All entries are to be copied exactly, with pictures removed.

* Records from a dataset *
● ● ●

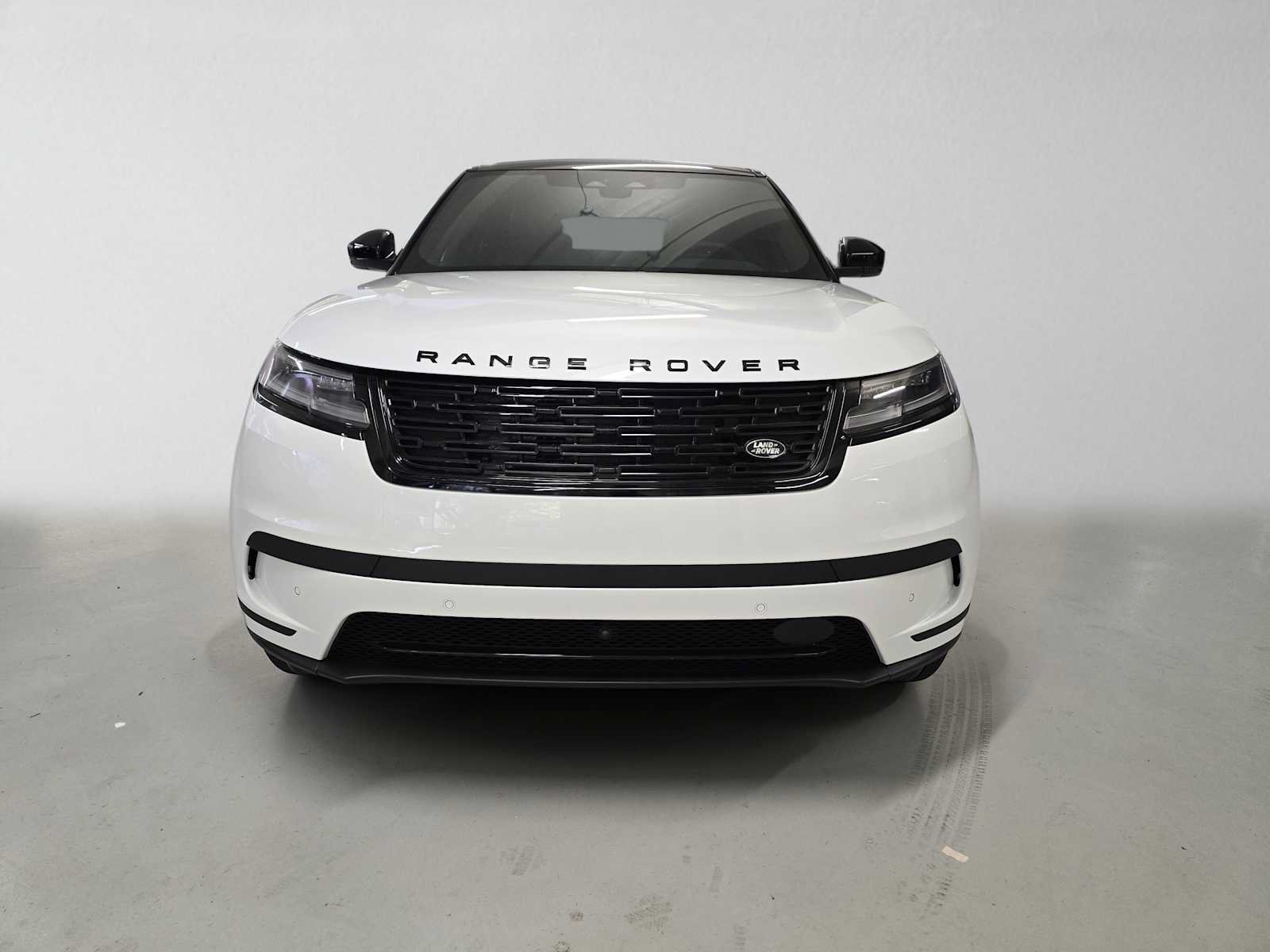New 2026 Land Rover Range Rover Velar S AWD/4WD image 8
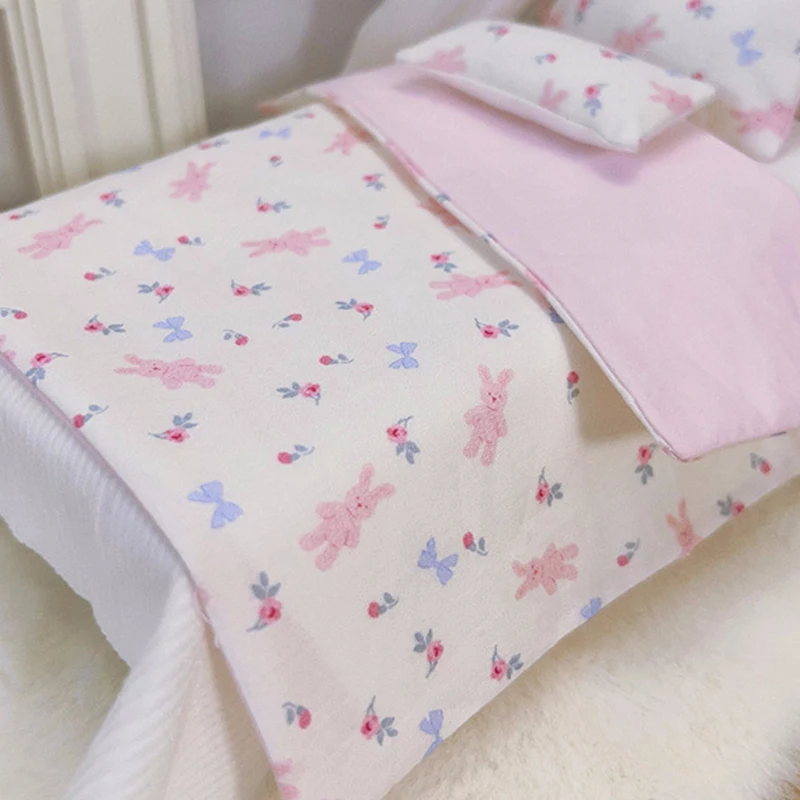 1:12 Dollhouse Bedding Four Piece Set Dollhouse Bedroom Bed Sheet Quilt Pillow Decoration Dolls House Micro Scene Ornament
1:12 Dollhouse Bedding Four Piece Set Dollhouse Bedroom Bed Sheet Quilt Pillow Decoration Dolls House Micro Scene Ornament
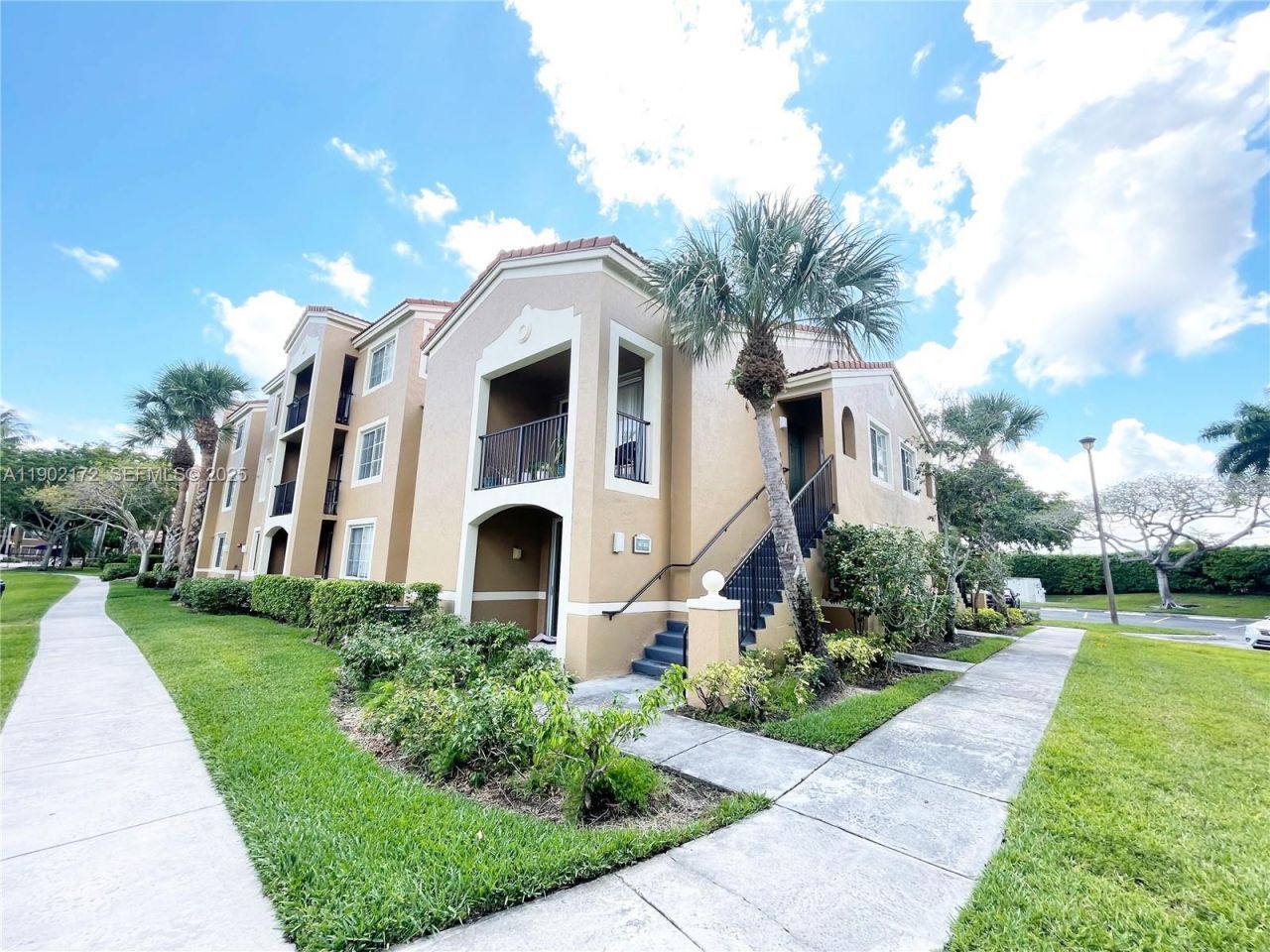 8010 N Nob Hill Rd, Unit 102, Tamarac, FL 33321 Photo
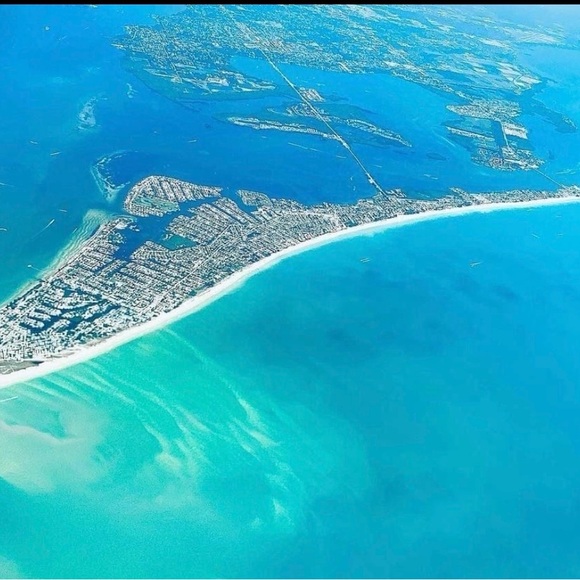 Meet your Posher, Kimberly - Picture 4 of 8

● ● ●

* EXPECTED ANSWER *
New 2026 Land Rover Range Rover Velar S AWD/4WD image 8
 1:12 Dollhouse Bedding Four Piece Set Dollhouse Bedroom Bed Sheet Quilt Pillow Decoration Dolls House Micro Scene Ornament
1:12 Dollhouse Bedding Four Piece Set Dollhouse Bedroom Bed Sheet Quilt Pillow Decoration Dolls House Micro Scene Ornament
 8010 N Nob Hill Rd, Unit 102, Tamarac, FL 33321 Photo
 Meet your Posher, Kimberly - Picture 4 of 8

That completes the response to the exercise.